Displacement and statelessness
Civil war broke out in Syria in 2011, causing hundreds of thousands of civilians to be killed, millions to be displaced, and significant areas of the country to have fallen under the control of armed non-State actors. In Iraq, ongoing turmoil has also led to destruction and the displacement for hundreds and thousands of families. Yemen has millions of internally displaced persons and hundreds and thousands of refugees that are escaping the crisis and conflict that has afflicted this country. These worsening crises have caused a massive humanitarian disaster in the region, impacting countries far beyond those in which conflict is taking place.

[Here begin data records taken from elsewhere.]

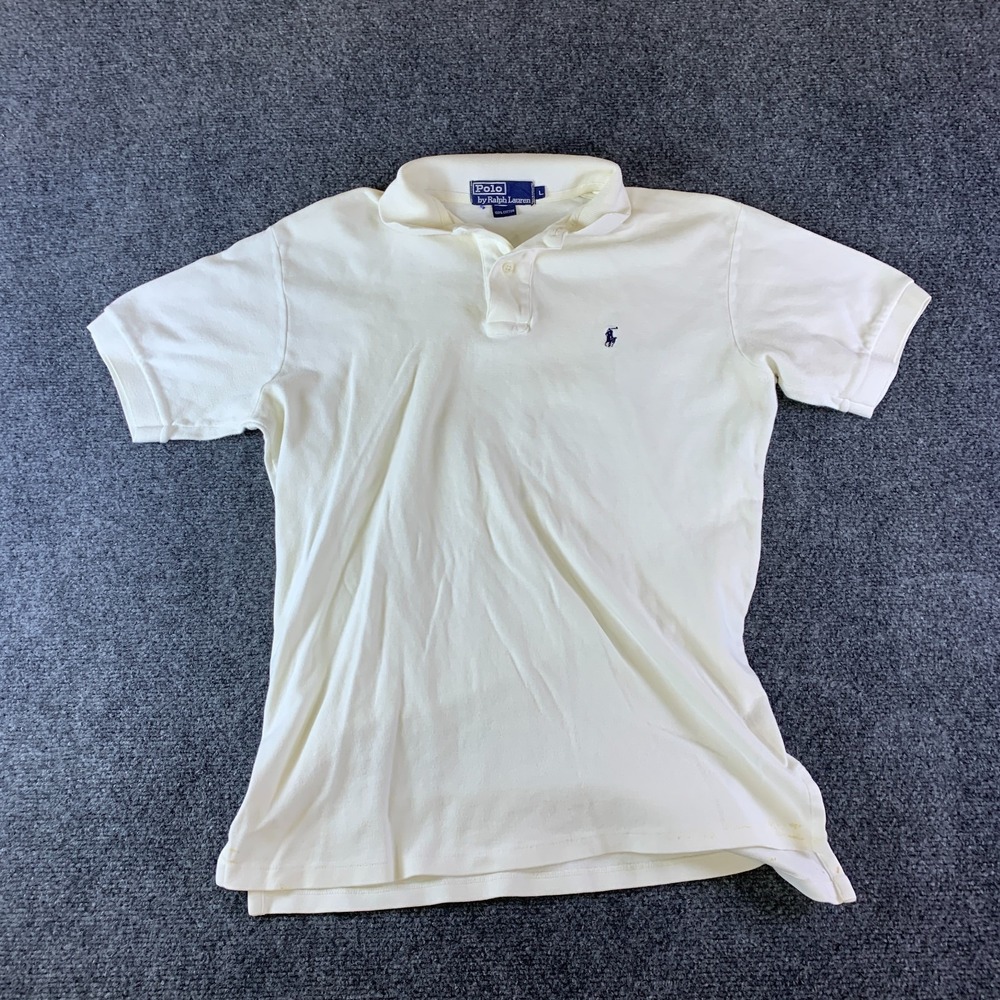 Polo Ralph Lauren Golf Shirt Mens L White Good Cotton Pique Logo Athleisure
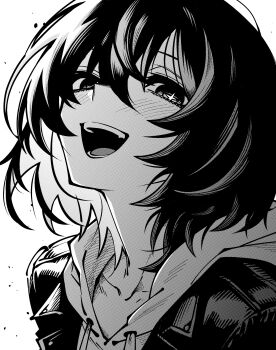 1girl :d collarbone commentary dryegen greyscale hair_between_eyes highres looking_at_viewer monochrome open_mouth original short_hair simple_background smile solo teeth upper_body white_background
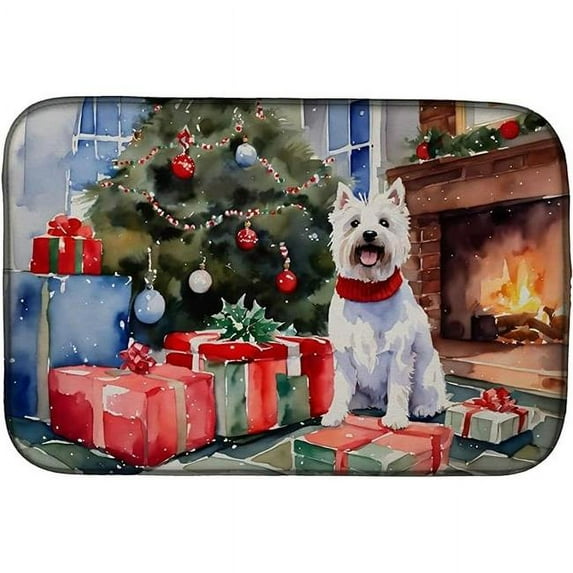 Westie Cozy Christmas Dish Drying Mat 14 in x 21 in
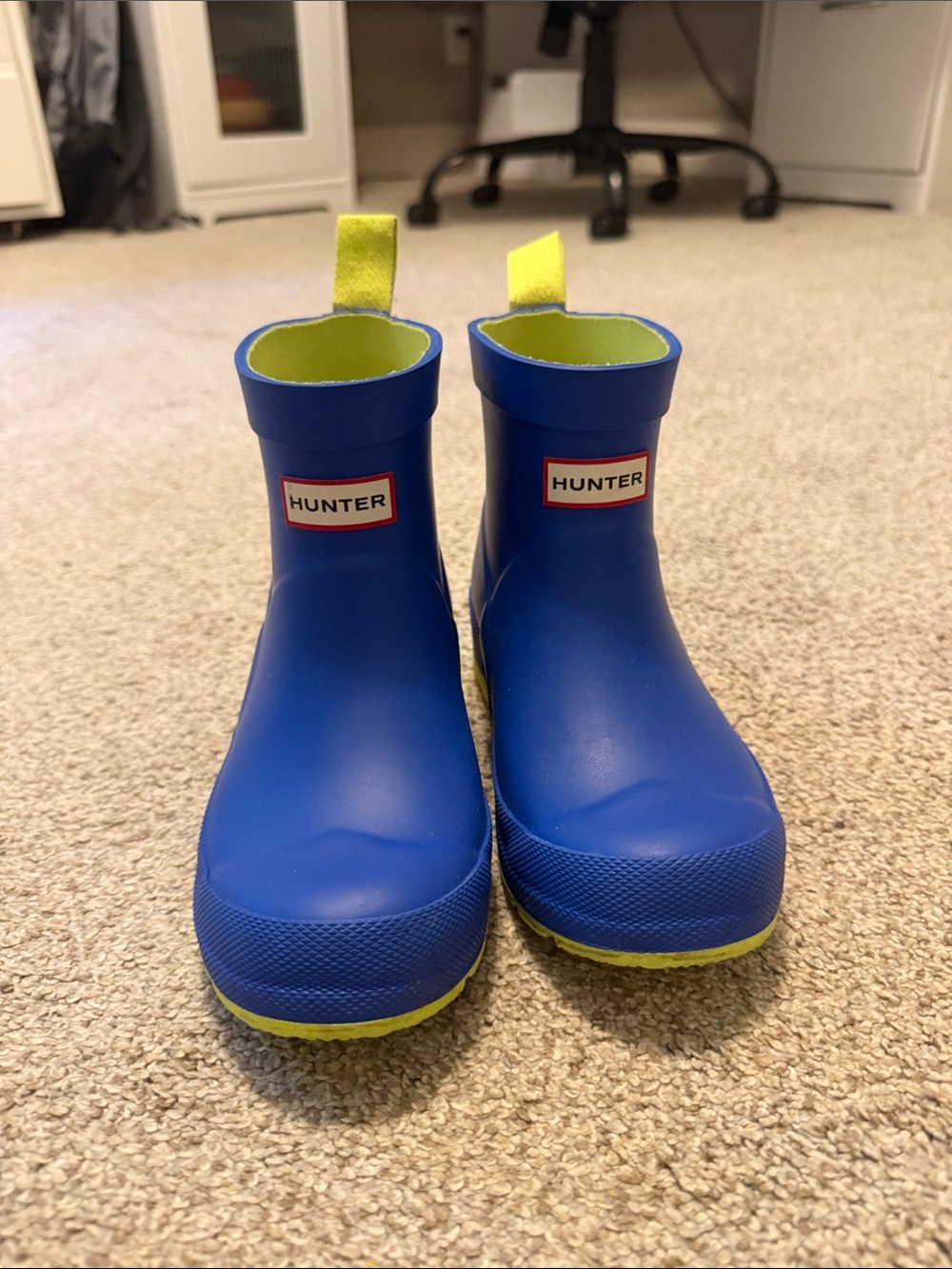 Hunter Kids Royal Blue Rain Boots with Neon Yellow Accents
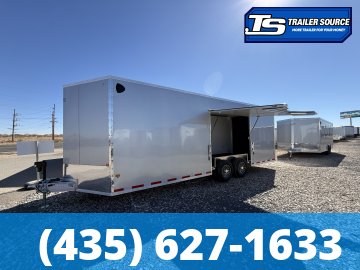 8.5x24 Alcom EZ Hauler Premium Aluminum Enclosed Car Hauler Trailer - 12K GVWR - Alloy Wheels, D-Rings, Dovetail, Power Tongue Jack, Rear Spoiler w/ Load Lights, Rubber Coin Floor,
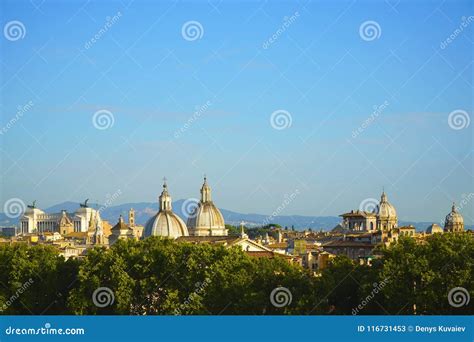 Panorama of Old Town in City of Rome, Italy. Stock Image - Image of ...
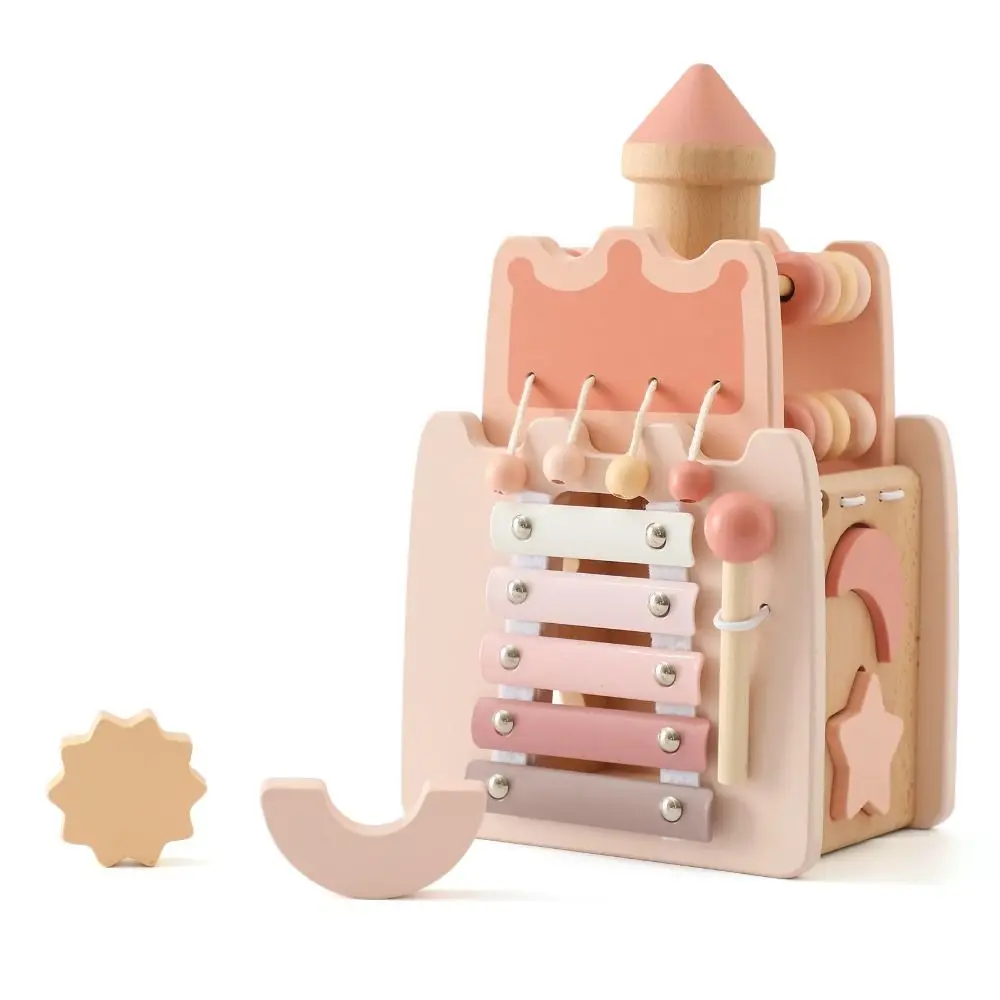 Montessori 5-in-1 Wooden Castle Shape Sorter Early Education Castle Stacking Puzzle with Sound Portable Dollhouse Shape Wooden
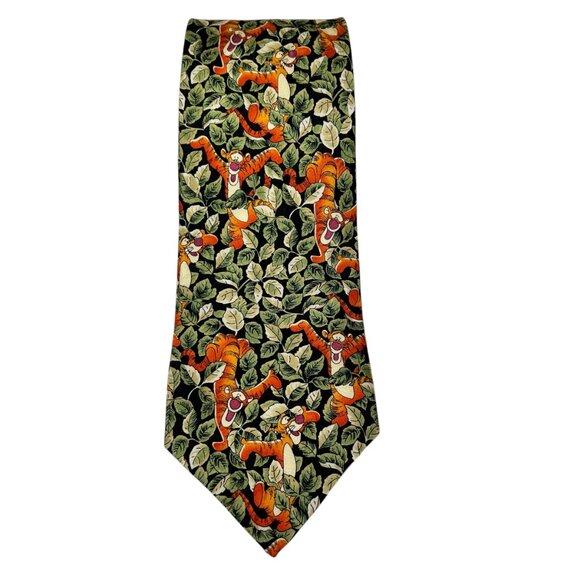 Vintage Disney World Mens Tigger in Jungle Leaves Green Orange Silk Pointed Tie - Picture 7 of 11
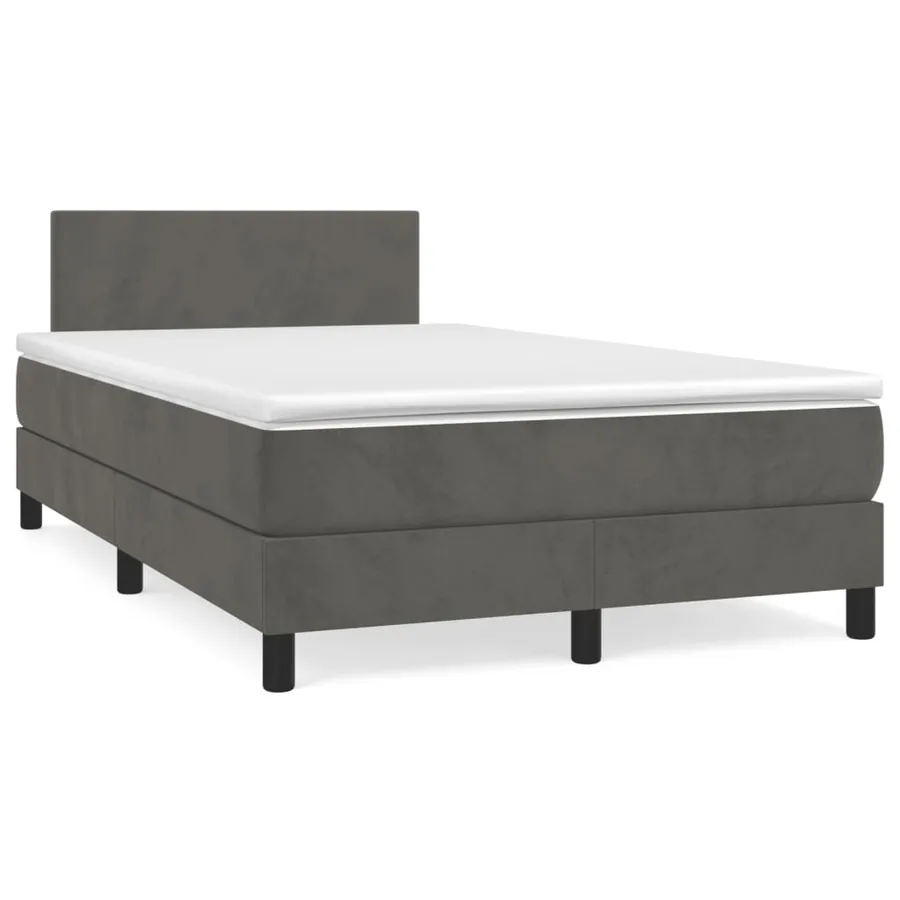 Sommier à lattes de lit et matelas Gris foncé 120x200cm Velours - 2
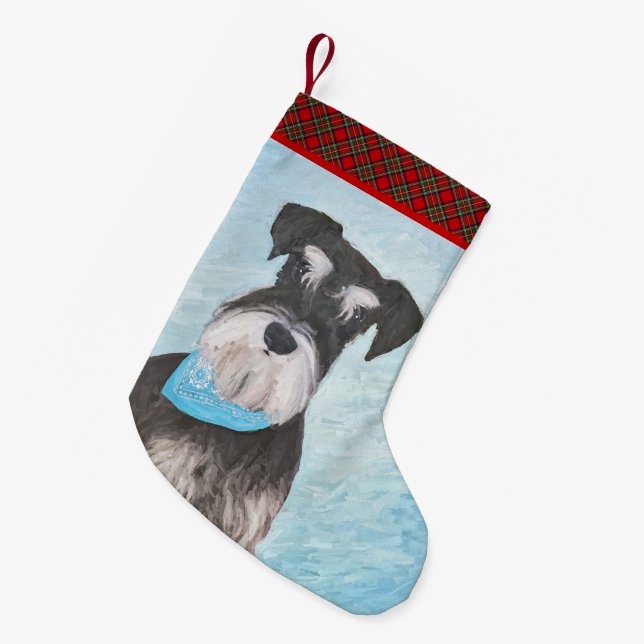 Calcetín Navideño Pequeño Pintura Schnauzer (en miniatura) - Perro original  (Frente (Colgado))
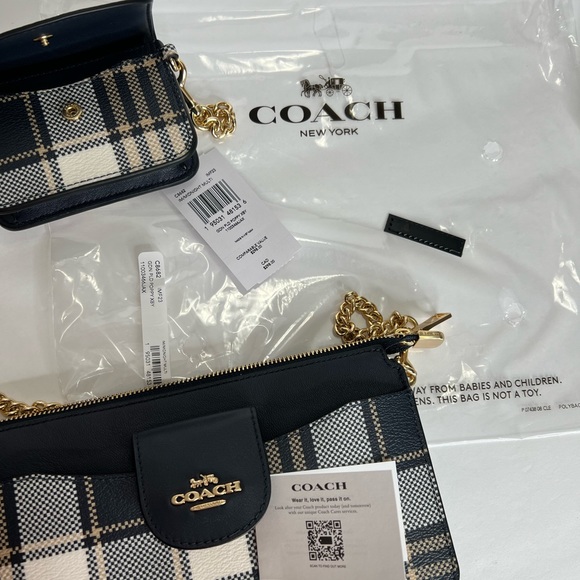 Coach Womens Crossbody Bag With Pouch Coin Bag Chain Strap Poppy Plaid Leather - Picture 14 of 15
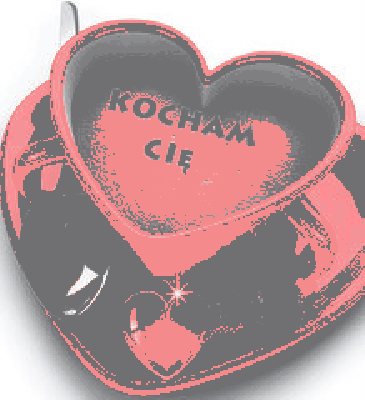 Pyszna kawusia w czerwonej filiżance z napisem Kocham Cię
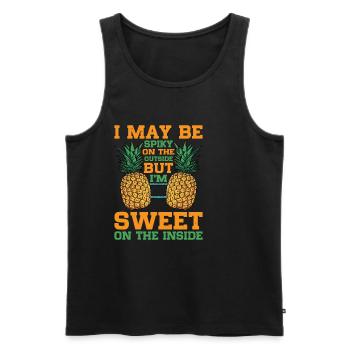 I May Be Spiky On The Outside But I'm Sweet - Männer Premium Bio Tank Top - Schwarz - Vorne - AI Model Male 178 light (178cm)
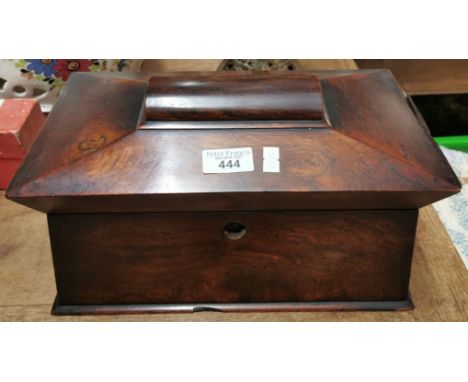 Early 19th century sarcophagus shaped rosewood tea caddy with loop handles. (B.P. 21% + VAT)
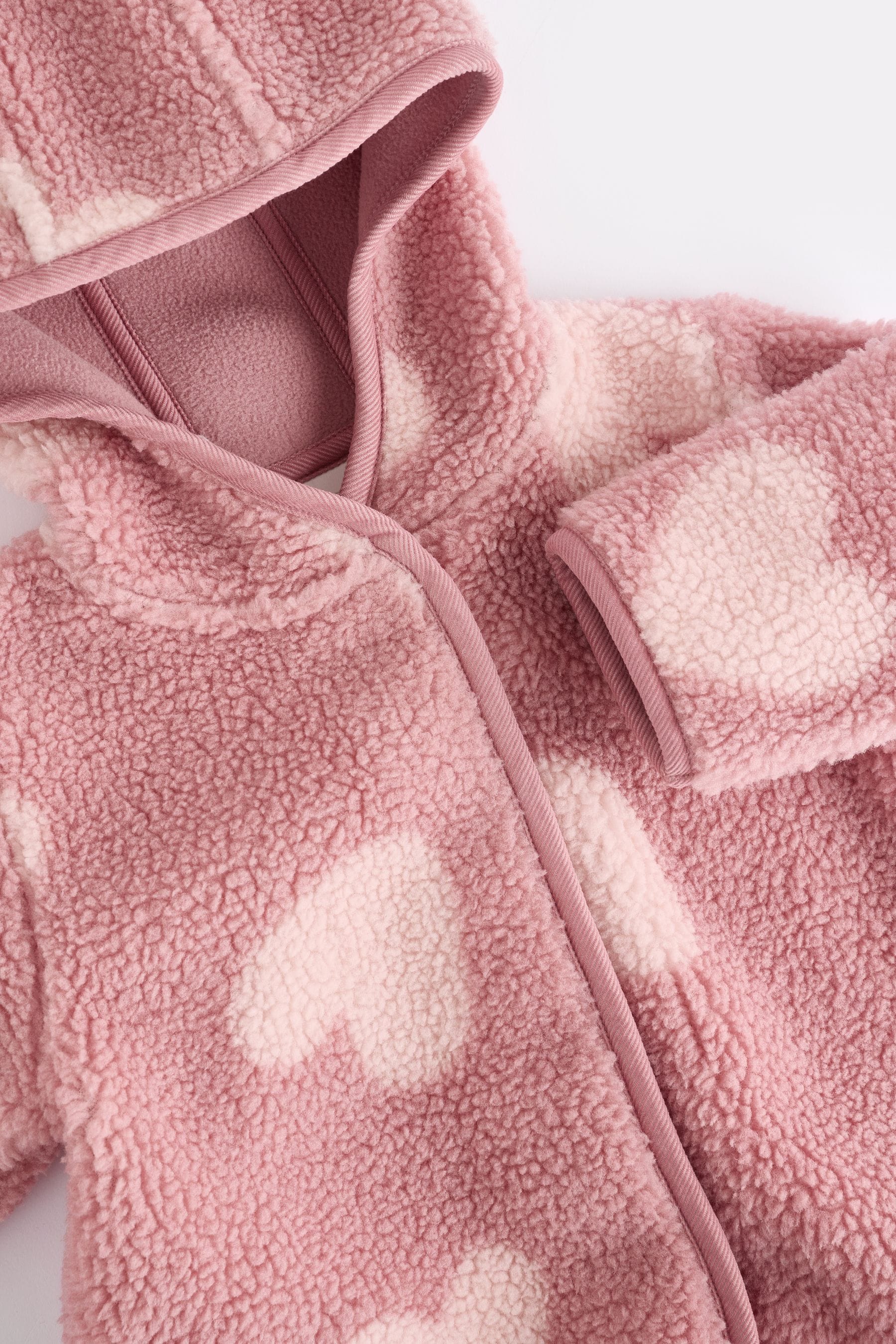 Pink Heart Print Baby Borg Fleece Jacket (0mths-2yrs)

The overwhelming majority of these refugees and internally displaced persons hold the nationality of their country of origin and face no immediate risk of statelessness. However, due to a number of factors—mainly the gender discriminatory nature of the law in all three of these countries and complex civil registry procedures in host countries—the risk of statelessness in the region has increased significantly with the rise of conflicts. Children born to Iraqi and Yemeni mothers outside their country do not automatically obtain nationality, but have to apply for it. Furthermore according to Syrian nationality law, those born outside of Syria to a Syrian mother can never obtain her nationality. In times of conflict there are varying scenarios in which a father may not be present or known, or may not be legally linked to the child, increasing the risk of statelessness and related vulnerabilities. Statelessness is a driver of insecurity and injustice, particularly in situations of conflict and displacement. Being left both displaced and stateless is not only an impediment to accessing a variety of rights, but also may affect a family’s opportunity of returning to their country in the future.